The New York Knicks front office rarely makes a decision that the whole fan base can agree upon in unison, and the recently completed deal forAndrea Bargnani is no exception. While some fans see a talented, seven-foot reclamation project, given up in exchange for low usage players and potentially unavailable draft picks; other fans see a poor rebounding, turnstile defender in the decline being exchanged for bright, shiny, new players in the form of draft picks.
But what was the purpose of trading for Bargnani? Surely the Knicks are aware that the seven-foot Italian has managed just 66 games over the last two seasons, shot just 30% from three-point range the last two years, grabbed more than six rebounds per game just once in his seven-year career, and was dangled with desperation by the Toronto Raptors over the last year. Well, Bargnani’s signing could mean a few things for the Knicks.
1.) The loss of J.R. Smith and Chris Copeland.
Chris Copeland has apparently drawn interest from a number of teams already, and with the Knicks’ best asset to keep him — the mini-MLE of about $3.5 million — possibly needed for other free agents, Copeland could flee for more money. Smith may hang around as the Knicks can offer him about $5 million with 175% raises each season. But in case one or both players bolt, Bargnani is scoring insurance. At his best, he’s been one of the elite big men scorers in the league (from 2009-2011, he averaged a combined 19.3 points per game on 46%FG and 35.8% 3FG) with the ability to spread the floor, face up, and post up. He’s got a similar, but more developed game than Copeland with about the efficiency of Smith. If those two flee, Bargnani will probably see time as the second scorer next to Carmelo Anthony.
2.) An answer to the Indiana Pacers.
As discussed, Bargs at his best can spread the floor for the Knicks. He doesn’t offer up the value of Tyson Chandler by any means, but what he does offer is an answer to the paint-packed defense the Indiana Pacers used to stifle the Knicks in the playoffs. Even with ‘Melo at power forward, the Pacers ran the Knicks off the three-point line and offered them open mid-range shots, or forced them into a clogged paint. Chandler simply doesn’t pull defenses away from the basket, so in some lineups, Bargnani could be used to space the floor and pull a defensive stalwart like Roy Hibbert, or maybe even Joakim Noah, away from the basket. We saw last season how the Knicks shaped their summer around building a team to compete with the Miami Heat. Fresh off an elimination by the Pacers, it’s likely that the Knicks are searching for answers to beat their next biggest competition.

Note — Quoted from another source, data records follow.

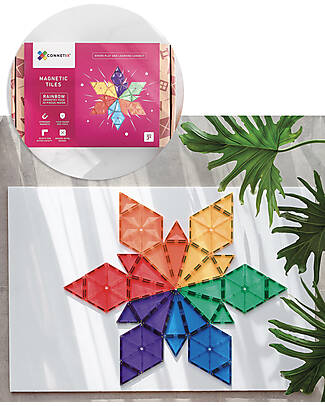 Connetix 30 Pieces - Geometry Pack - Rainbow -100% Non-toxic ABS Plastic - STEM Learning! Magnetic Games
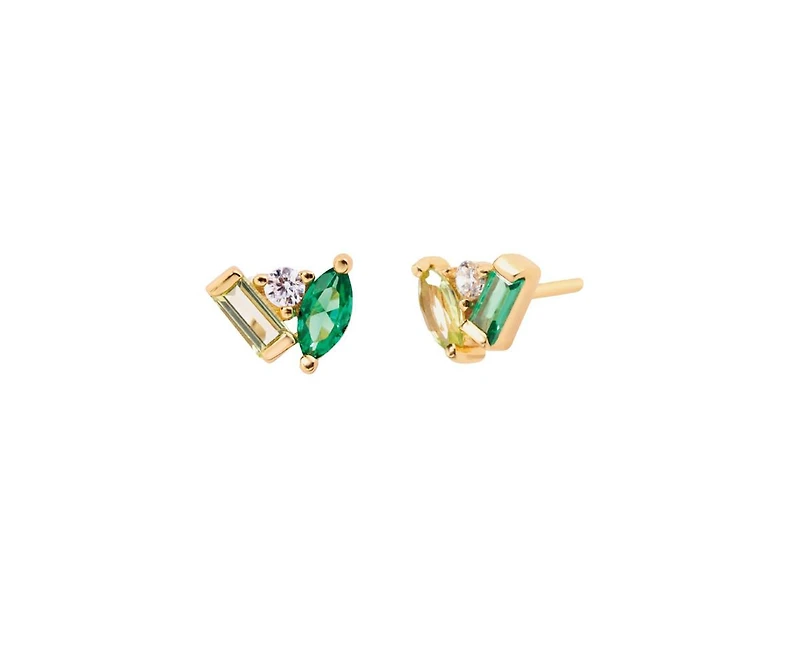 Little Sky Stone Seraphina Celeste Tsavorite and Peridot Stud Earrings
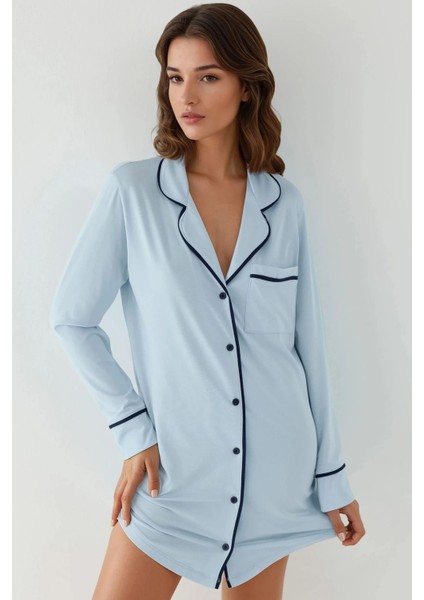 Kadın Ekstra Yumuşak Gömlek Yaka Mini Rahat Gecelik Bebek Mavisi fırsatları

3.) Amar’e Stoudemire insurance?
Stoudemire has made it onto the floor for just 76 total games over the last two years (only 29 in 2012-13), and even when he’s been able to play, he’s only been effective for about half of that time. The Knicks seem to be growing and changing around Stoudemire, who rarely factors into their bigger plans anymore, so Bargnani could be looked at as the backup power forward or center scorer in place of Stoudemire. Even at his best, he’s not as good as Stoudemire was, but in limited roles — especially with ‘Melo off the floor — Bargnani could be featured in the Knicks offense should Stoudemire find himself strapped to the bench with more injuries.
4.) A future trade piece/cap relief.
The current CBA says a player acquired in a trade can’t be traded for another two months. The Knicks would have a hard time convincing any other team in the NBA to give up what the Knicks did to get Bargnani, but perhaps they could squeeze a draft pick or another coveted player by trading Bargnani again. Similarly, Bargnani has an Early Termination Option in 2014-15 worth $11.5 million. An expiring contract worth that much money would have a lot of value in a trade. Grabbing Bargnani also further clears the Knicks’ cap space in 2015, meaning they’ll have even more room to work from the ground up.
As of now, the Bargnani trade seems tough to stomach because the Knicks gave up future draft picks for a player the Raptors were desperate to get off their team. However, it’s possible that he can have a renaissance of sorts when he gets to a new team in a better situation. In any of the above four cases, Bargnani could be an expensive, but worthwhile pick-up.